Exercise prompt: Using the records below, write out again exactly the lines that begin at the line containing "SUZUKI Vitara usata, con Airbag" and end at the line containing "BIC ECO GLUSTIC 21 g, 1 kus", and no other lines.

Data for analysis:
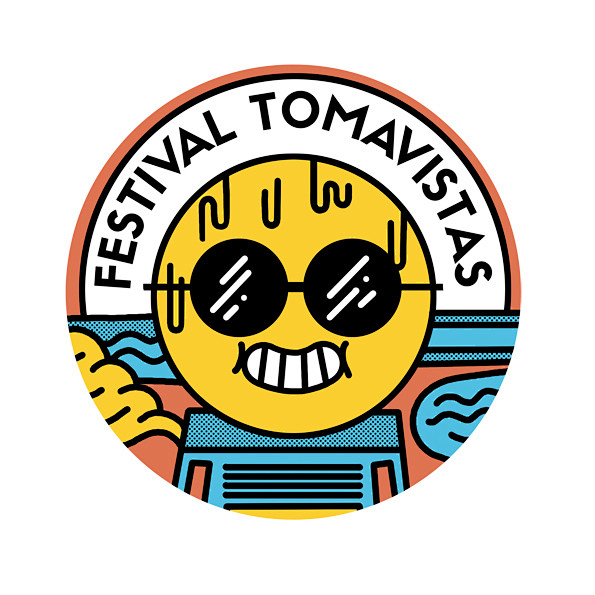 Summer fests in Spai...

--

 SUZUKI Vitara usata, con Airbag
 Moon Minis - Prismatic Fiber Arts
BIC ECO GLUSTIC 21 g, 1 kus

Reply:
 SUZUKI Vitara usata, con Airbag
 Moon Minis - Prismatic Fiber Arts
BIC ECO GLUSTIC 21 g, 1 kus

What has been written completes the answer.